It is sometimes useful to know the concentration of an ion that remains in solution after precipitation. We can use the solubility product for this calculation too: If we know the value of K_sp and the concentration of one ion in solution, we can calculate the concentration of the second ion remaining in solution. The calculation is of the same type as that in Example 8—calculation of the concentration of a species in an equilibrium mixture from the concentrations of the other species and the equilibrium constant. However, if the concentrations are different; we are calculating concentrations after precipitation is complete, rather than at the start of precipitation.

Example 8

Concentrations Following Precipitation
Clothing washed in water that has a manganese [Mn²⁺(aq)] concentration exceeding 0.1 mg/L (1.8 × 10^–6 M) may be stained by the manganese upon oxidation, but the amount of Mn²⁺ in the water can be reduced by adding a base. If a person doing laundry wishes to add a buffer to keep the pH high enough to precipitate the manganese as the hydroxide, Mn(OH)₂, what pH is required to keep [Mn²⁺] equal to 1.8 × 10^–6M?

Solution
The dissolution of Mn(OH)₂ is described by the equation:

Mn(OH)₂(s) ⇌ Mn²⁺(aq) + 2 OH^–(aq) K_sp = 1.9 × 10^-13

We need to calculate the concentration of OH^– when the concentration of Mn²⁺ is 1.8 × 10^–6M. From that, we calculate the pH. At equilibrium:

K_sp = [Mn²⁺][OH^–]²

1.9 × 10^-13= (1.8 × 10^-6)[OH^–]²

[OH^–] = 3.3 × 10^-4 M

Now we calculate the pH from the pOH:

pOH = -log[OH^–] = -log(3.3 × 10^-4) = 3.48

pH = 14.00 – pOH = 14.00 – 3.48 = 10.52

If the person doing laundry adds a base, such as the sodium silicate (Na₄SiO₄) in some detergents, to the wash water until the pH is raised to 10.52, the manganese ion will be reduced to a concentration of 1.8 × 10^–6 M; at that concentration or less, the ion will not stain clothing.

Check Your Learning
The first step in the preparation of magnesium metal is the precipitation of Mg(OH)₂ from sea water by the addition of Ca(OH)₂. The concentration of Mg²⁺(aq) in sea water is 5.37 × 10^–2M. Calculate the pH at which [Mg²⁺] is diminished to 1.0 × 10^–5M by the addition of Ca(OH)₂.

Answer:

11.13

Common Ion Effect

As we saw when we discussed buffer solutions, the hydronium ion concentration of an aqueous solution of acetic acid decreases when the strong electrolyte sodium acetate, NaCH₃COO, is added.

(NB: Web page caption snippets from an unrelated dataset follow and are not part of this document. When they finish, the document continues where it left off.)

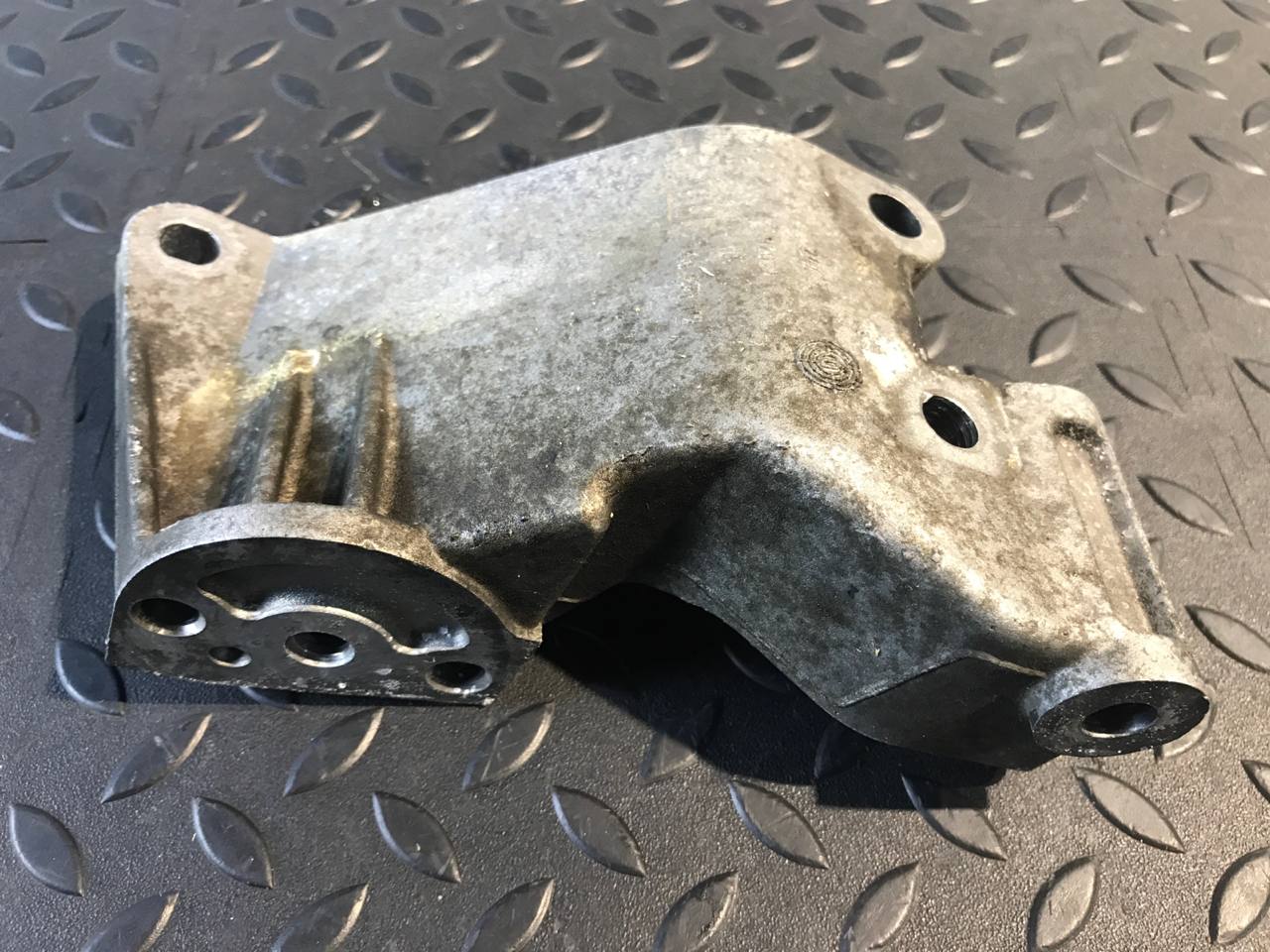 Кронштейн генератора Opel Vectra/C 2002-2008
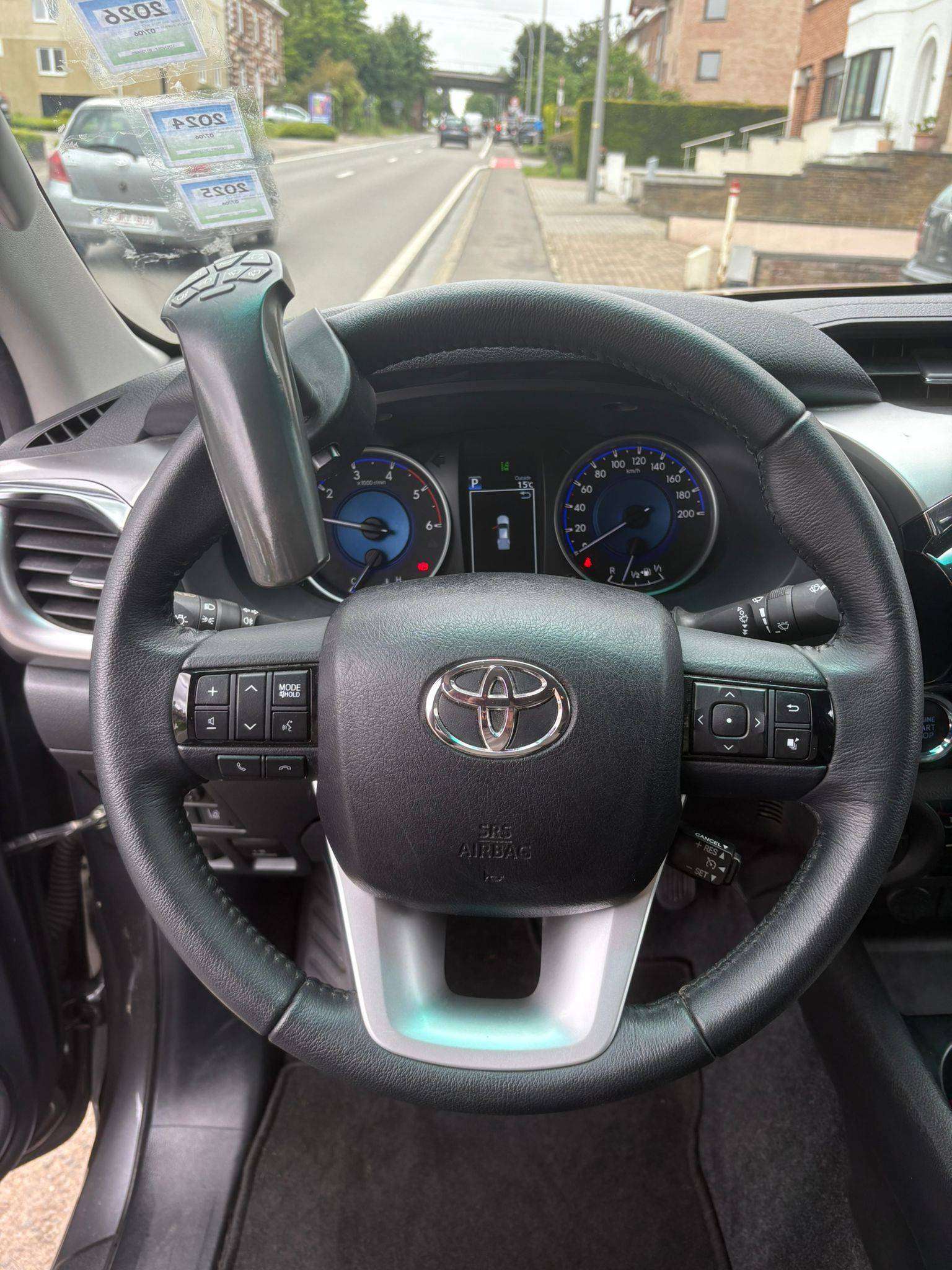 Toyota Hilux 2.4/4WD/33.000 Netto Lounge/1 Owner/20.000 Km/Full Toyota Service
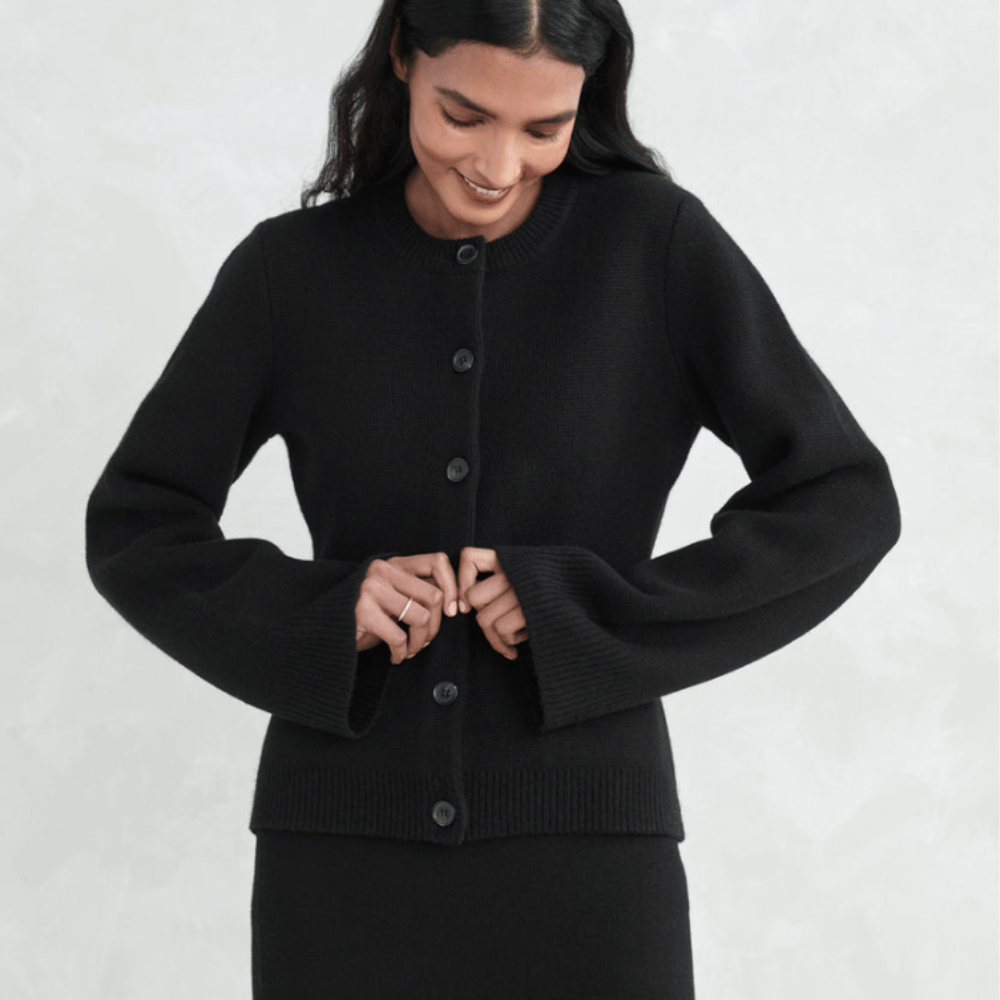 DreamDrape™ - Ultra-weiche Strickjacke mit Knopfleiste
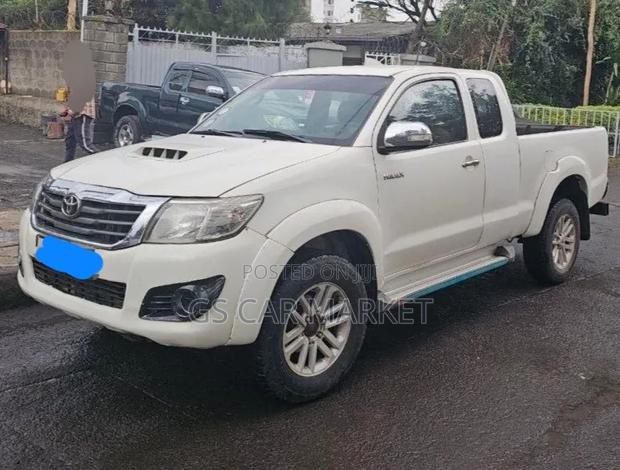 Toyota Hilux 2013 White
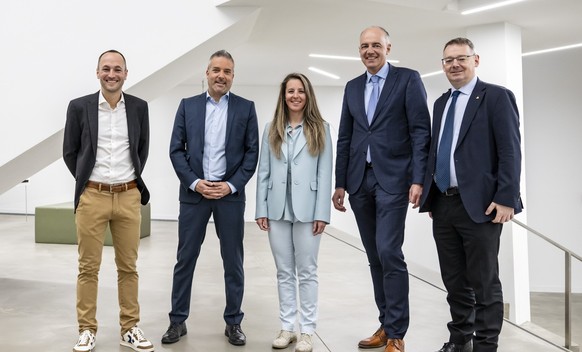 Les nouveaux membres du Gouvernement valaisan avec depuis la gauche, Mathias Reynard, PS, Stephane Ganzer, PLR, Franziska Biner, Die Mitte Oberwallis, Christophe Darbellay, Le Centre, et Franz Ruppen, ...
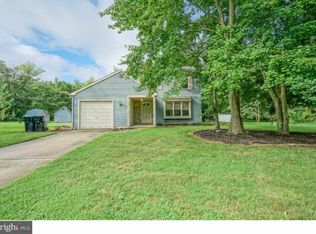 28 Hampton Pl, Sicklerville, NJ 08081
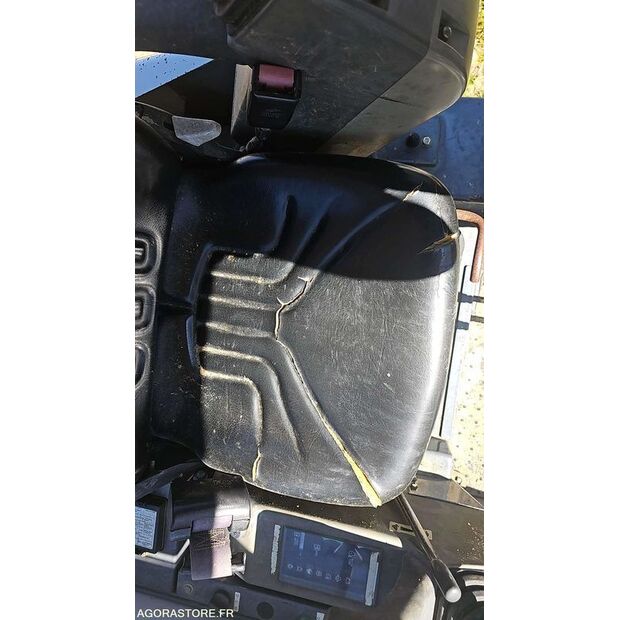 2012 TAKEUCHI TB128FR-46786960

We can explain this effect using Le Châtelier’s principle. The addition of acetate ions causes the equilibrium to shift to the left, decreasing the concentration of H₃O⁺ to compensate for the increased acetate ion concentration. This increases the concentration of CH₃COOH:

CH₃COOH(aq) + H₂O(ℓ) ⇌ H₃O⁺(aq) + CH₃COO^–(aq)

Because sodium acetate and acetic acid have the acetate ion in common, the influence on the equilibrium is called the common ion effect.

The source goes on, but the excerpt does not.